Question

The half-life of radioactive radon is \[3.8\] days. the time at the end of which \[1/{20^{th}}\] of the radon sample will remain undecayed is \[(given\;lo{g_{10}}e = 0.4343)\]
A.\[3.8days\]
B.\[16.5days\]
C.\[33days\].
D.\[76days\]

Answer 1

Hint: The radioactive decay depends on the energy gain of a corresponding process.
This depends upon the kind of radioactive process and structure of the nucleus.
To calculate the decay constant.
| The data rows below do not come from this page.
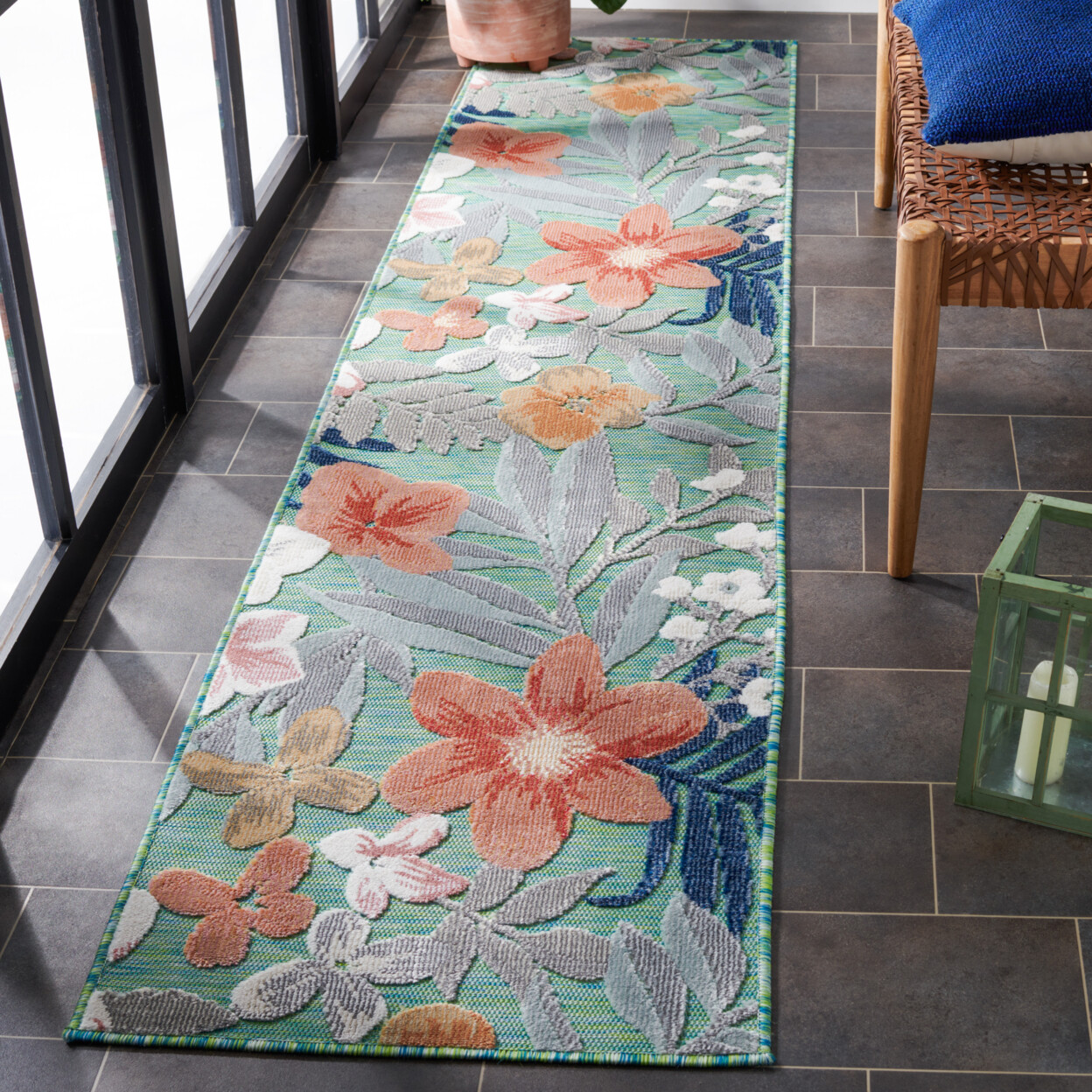 SAFAVIEH Outdoor CBN454Y Cabana Collection Green / Rust Rug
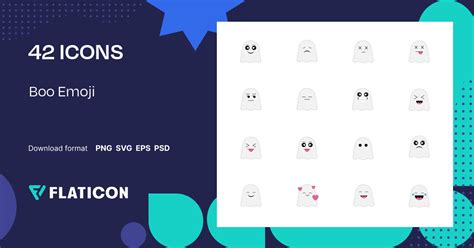 Boo Emoji Icon Pack | Outline Color | 42 .SVG Icons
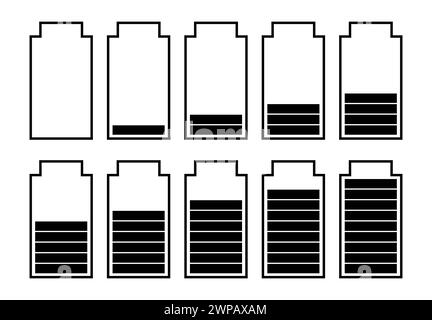 Un jeu de dix batteries avec différents indicateurs de charge. Illustration vectorielle Illustration de Vecteur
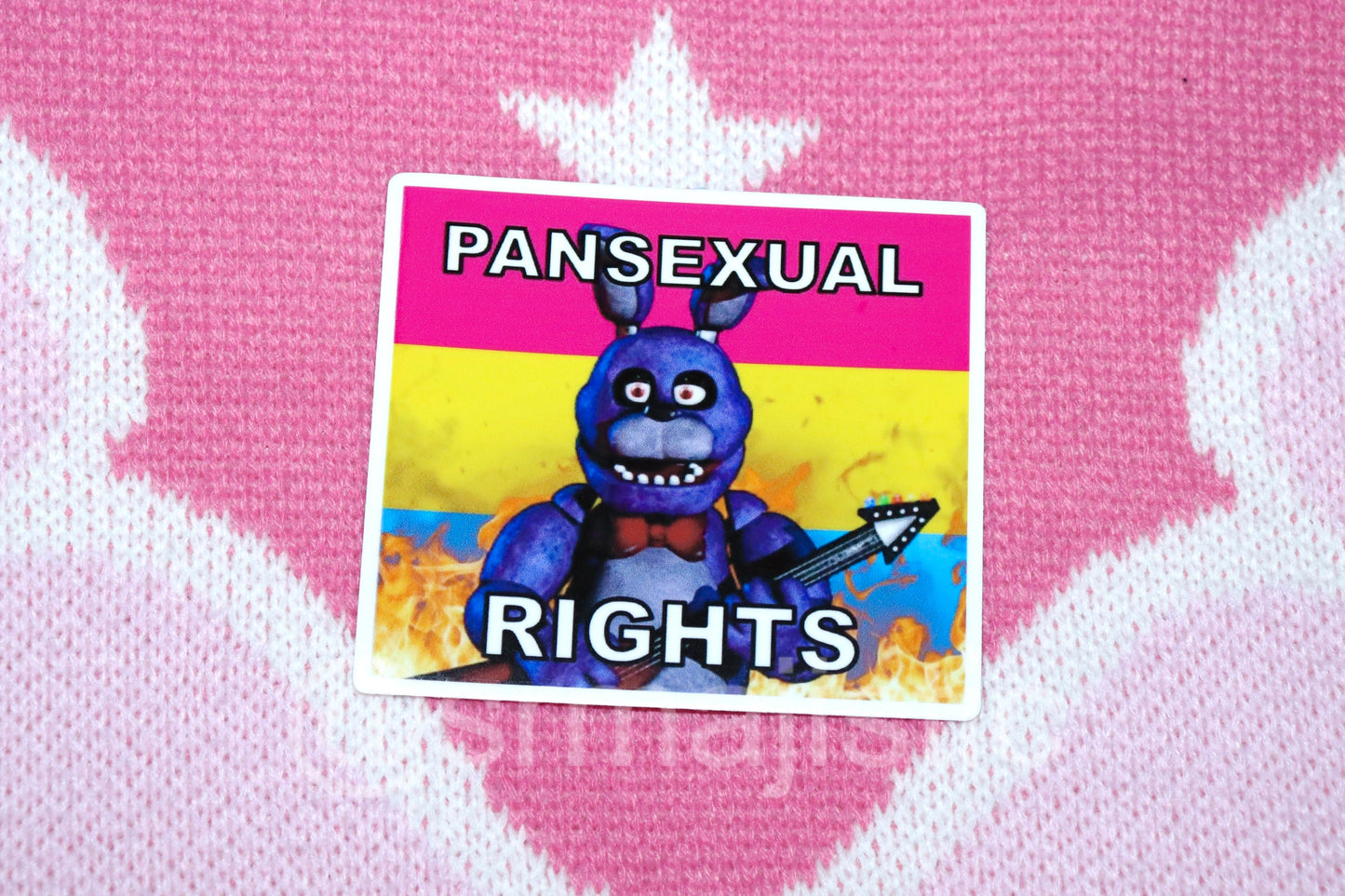 Bumper Stickers of Bonnie from Five Nights at Freddy’s Flaming Pride Flags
There is a simple tunneling model, if it is an alpha decay

Complete answer:
Radioactive materials have the ability of emitting particles or electromagnetic photons which are called gamma rays. Hence we use the half-life which represents the time taken by the radioactive components to reduce in number by fifty percent.
The cobalt-\[60\] is known as a famous radioactive source. The time required for half decay of an isotope is known as the half life. The decay is known as the process of turning from one element to another element or the process of turning heavier to the lighter version.
The radiation reduction is directly proportional to the number of radioactive atoms. The universal law of radioactive decay helps to relate the activity and the quantity of the radioactive species.
At some interval of time, the activity may increase or decrease
${t_{\dfrac{1}{2}}} = 3.8day$
Hence we can write the equation of radioactive nuclei is,
$N = {N_0}{e^{ - \lambda t}}$
Where,
$\lambda = \dfrac{{\ln 2}}{{{t_{\dfrac{1}{2}}}}} = \dfrac{{\ln 2}}{{3.8}}$
Now substituting in the equation we get,
$\dfrac{{{N_0}}}{{20}} = {N_0}{e^{ - \dfrac{{\ln 2}}{{3.8}}t}}$
Now simplify the equation we get,
$t = 16.5$
It requires a \[16.5\] day

Finally, the correct answer is an option (B).

Note:
The radioactive substance activity is measured in terms of the number of disintegrations.
If the active atoms are more then the number of disintegrations per second is also more.
When the decay constant is larger than the more disintegrations occur in one second.